• [DATA FOR ANALYSIS]:
-.-.-
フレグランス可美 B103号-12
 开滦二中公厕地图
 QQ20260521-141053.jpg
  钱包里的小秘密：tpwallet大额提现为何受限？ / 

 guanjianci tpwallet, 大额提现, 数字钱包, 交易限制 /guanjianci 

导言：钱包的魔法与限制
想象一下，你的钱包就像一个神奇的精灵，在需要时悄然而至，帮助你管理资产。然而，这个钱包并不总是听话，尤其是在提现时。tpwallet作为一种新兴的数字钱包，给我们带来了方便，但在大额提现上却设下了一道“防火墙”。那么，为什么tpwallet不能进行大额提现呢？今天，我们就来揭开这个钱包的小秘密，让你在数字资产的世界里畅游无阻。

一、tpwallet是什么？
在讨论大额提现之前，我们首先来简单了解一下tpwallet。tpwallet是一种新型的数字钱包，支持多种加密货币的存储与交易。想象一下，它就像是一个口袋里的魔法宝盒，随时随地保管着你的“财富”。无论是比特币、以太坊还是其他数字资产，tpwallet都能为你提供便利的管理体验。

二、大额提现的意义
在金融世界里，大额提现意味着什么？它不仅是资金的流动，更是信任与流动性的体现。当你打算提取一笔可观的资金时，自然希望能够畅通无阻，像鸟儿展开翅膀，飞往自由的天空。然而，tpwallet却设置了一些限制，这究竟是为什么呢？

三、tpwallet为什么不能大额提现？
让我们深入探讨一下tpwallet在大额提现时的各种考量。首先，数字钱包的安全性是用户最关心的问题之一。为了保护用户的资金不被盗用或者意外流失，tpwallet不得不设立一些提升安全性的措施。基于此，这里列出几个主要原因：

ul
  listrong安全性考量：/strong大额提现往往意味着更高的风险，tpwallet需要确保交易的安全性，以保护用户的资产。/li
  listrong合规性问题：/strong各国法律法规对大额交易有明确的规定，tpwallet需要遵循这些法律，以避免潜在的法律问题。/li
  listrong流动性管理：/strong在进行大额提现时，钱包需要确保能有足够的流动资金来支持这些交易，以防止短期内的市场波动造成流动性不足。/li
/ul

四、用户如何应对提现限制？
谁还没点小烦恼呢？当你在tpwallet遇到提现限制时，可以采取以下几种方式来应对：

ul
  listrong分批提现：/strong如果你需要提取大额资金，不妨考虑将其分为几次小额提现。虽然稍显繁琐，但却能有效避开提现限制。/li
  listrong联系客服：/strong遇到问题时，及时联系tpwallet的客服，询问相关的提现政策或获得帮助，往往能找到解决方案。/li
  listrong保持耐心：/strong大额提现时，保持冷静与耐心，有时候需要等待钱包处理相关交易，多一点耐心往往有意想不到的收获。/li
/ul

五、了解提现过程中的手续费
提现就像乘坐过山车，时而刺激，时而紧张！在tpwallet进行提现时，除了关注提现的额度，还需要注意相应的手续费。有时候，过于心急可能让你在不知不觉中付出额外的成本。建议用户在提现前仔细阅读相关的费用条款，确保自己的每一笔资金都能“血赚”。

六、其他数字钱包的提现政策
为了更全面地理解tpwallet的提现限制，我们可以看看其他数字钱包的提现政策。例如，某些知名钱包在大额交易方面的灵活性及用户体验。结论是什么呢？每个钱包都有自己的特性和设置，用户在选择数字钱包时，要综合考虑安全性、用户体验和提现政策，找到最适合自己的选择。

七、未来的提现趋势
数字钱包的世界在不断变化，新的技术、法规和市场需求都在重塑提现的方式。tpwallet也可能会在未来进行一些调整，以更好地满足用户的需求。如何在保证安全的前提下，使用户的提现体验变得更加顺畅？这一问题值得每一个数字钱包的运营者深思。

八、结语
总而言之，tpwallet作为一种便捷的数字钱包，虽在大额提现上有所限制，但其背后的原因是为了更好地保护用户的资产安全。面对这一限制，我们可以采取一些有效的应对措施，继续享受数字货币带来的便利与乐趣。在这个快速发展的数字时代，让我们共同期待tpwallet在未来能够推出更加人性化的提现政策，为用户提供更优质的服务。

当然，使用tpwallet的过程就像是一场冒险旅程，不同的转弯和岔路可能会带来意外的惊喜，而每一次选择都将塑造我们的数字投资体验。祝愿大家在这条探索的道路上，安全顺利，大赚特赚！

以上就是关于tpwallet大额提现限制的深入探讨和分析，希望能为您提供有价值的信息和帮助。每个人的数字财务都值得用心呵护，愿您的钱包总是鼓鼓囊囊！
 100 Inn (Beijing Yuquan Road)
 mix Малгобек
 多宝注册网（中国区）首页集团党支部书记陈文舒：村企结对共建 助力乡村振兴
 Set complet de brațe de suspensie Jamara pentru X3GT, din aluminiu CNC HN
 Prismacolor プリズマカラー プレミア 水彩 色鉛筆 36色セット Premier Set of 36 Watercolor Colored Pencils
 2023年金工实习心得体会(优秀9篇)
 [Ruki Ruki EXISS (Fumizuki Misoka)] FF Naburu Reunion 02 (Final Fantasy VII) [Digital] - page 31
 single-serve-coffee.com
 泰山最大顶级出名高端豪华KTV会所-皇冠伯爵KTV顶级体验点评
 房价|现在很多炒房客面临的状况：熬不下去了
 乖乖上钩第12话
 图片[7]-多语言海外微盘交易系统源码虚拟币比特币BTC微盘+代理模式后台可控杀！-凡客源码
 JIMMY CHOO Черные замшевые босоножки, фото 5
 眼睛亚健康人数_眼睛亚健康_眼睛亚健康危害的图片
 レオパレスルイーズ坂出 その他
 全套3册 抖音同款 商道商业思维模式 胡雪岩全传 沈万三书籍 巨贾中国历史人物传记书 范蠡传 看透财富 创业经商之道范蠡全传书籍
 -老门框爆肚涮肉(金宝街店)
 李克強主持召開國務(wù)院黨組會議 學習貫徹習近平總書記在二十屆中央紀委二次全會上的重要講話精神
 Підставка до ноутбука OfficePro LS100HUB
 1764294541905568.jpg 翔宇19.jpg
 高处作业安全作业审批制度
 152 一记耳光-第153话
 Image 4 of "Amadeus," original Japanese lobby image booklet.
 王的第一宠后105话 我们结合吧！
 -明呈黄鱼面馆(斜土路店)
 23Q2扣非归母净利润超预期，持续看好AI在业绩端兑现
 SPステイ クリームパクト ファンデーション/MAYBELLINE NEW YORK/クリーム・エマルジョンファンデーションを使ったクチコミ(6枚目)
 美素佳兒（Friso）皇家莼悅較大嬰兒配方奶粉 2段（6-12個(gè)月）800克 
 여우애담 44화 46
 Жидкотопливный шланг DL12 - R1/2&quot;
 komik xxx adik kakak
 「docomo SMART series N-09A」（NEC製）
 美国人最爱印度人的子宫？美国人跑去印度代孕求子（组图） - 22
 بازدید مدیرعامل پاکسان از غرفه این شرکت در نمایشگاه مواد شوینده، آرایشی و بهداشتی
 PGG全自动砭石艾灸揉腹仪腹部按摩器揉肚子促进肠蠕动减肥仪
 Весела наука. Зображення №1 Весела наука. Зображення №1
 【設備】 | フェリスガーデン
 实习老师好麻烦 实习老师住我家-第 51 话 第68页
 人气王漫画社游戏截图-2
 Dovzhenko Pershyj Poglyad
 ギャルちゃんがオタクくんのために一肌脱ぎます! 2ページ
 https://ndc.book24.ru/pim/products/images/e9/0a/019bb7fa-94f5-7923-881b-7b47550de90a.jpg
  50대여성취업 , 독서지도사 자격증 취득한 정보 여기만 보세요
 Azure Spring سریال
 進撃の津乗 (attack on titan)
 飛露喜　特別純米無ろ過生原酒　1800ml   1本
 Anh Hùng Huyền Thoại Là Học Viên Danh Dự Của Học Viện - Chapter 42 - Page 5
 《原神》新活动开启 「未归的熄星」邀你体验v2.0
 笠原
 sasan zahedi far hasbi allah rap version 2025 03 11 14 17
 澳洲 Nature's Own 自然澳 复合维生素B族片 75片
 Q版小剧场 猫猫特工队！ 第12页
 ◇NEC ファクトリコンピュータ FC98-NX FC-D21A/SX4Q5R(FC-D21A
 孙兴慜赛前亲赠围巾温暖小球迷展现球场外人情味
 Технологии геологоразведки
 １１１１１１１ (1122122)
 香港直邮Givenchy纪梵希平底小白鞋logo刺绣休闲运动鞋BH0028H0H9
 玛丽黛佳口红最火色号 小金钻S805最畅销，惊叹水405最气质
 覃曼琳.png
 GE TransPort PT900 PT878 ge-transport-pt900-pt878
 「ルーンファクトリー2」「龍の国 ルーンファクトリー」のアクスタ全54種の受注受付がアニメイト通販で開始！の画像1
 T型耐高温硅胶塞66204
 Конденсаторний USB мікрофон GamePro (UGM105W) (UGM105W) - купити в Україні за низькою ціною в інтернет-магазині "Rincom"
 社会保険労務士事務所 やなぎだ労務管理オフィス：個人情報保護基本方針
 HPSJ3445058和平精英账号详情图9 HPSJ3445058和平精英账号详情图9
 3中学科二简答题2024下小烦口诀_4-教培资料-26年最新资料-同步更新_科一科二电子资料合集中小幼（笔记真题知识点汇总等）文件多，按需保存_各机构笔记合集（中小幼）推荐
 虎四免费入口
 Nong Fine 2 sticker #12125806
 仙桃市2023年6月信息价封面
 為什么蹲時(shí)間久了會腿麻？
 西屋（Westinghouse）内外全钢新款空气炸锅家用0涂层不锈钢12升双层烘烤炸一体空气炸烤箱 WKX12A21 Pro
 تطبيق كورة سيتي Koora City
-.-.-
• [WORK REQUEST]: Transcribe the listing above line for line, from the first line to the line containing "listrong分批提现：/", inclusive, with no other lines.

• [SOLUTION BELOW]:
フレグランス可美 B103号-12
 开滦二中公厕地图
 QQ20260521-141053.jpg
  钱包里的小秘密：tpwallet大额提现为何受限？ / 

 guanjianci tpwallet, 大额提现, 数字钱包, 交易限制 /guanjianci 

导言：钱包的魔法与限制
想象一下，你的钱包就像一个神奇的精灵，在需要时悄然而至，帮助你管理资产。然而，这个钱包并不总是听话，尤其是在提现时。tpwallet作为一种新兴的数字钱包，给我们带来了方便，但在大额提现上却设下了一道“防火墙”。那么，为什么tpwallet不能进行大额提现呢？今天，我们就来揭开这个钱包的小秘密，让你在数字资产的世界里畅游无阻。

一、tpwallet是什么？
在讨论大额提现之前，我们首先来简单了解一下tpwallet。tpwallet是一种新型的数字钱包，支持多种加密货币的存储与交易。想象一下，它就像是一个口袋里的魔法宝盒，随时随地保管着你的“财富”。无论是比特币、以太坊还是其他数字资产，tpwallet都能为你提供便利的管理体验。

二、大额提现的意义
在金融世界里，大额提现意味着什么？它不仅是资金的流动，更是信任与流动性的体现。当你打算提取一笔可观的资金时，自然希望能够畅通无阻，像鸟儿展开翅膀，飞往自由的天空。然而，tpwallet却设置了一些限制，这究竟是为什么呢？

三、tpwallet为什么不能大额提现？
让我们深入探讨一下tpwallet在大额提现时的各种考量。首先，数字钱包的安全性是用户最关心的问题之一。为了保护用户的资金不被盗用或者意外流失，tpwallet不得不设立一些提升安全性的措施。基于此，这里列出几个主要原因：

ul
  listrong安全性考量：/strong大额提现往往意味着更高的风险，tpwallet需要确保交易的安全性，以保护用户的资产。/li
  listrong合规性问题：/strong各国法律法规对大额交易有明确的规定，tpwallet需要遵循这些法律，以避免潜在的法律问题。/li
  listrong流动性管理：/strong在进行大额提现时，钱包需要确保能有足够的流动资金来支持这些交易，以防止短期内的市场波动造成流动性不足。/li
/ul

四、用户如何应对提现限制？
谁还没点小烦恼呢？当你在tpwallet遇到提现限制时，可以采取以下几种方式来应对：

ul
  listrong分批提现：/strong如果你需要提取大额资金，不妨考虑将其分为几次小额提现。虽然稍显繁琐，但却能有效避开提现限制。/li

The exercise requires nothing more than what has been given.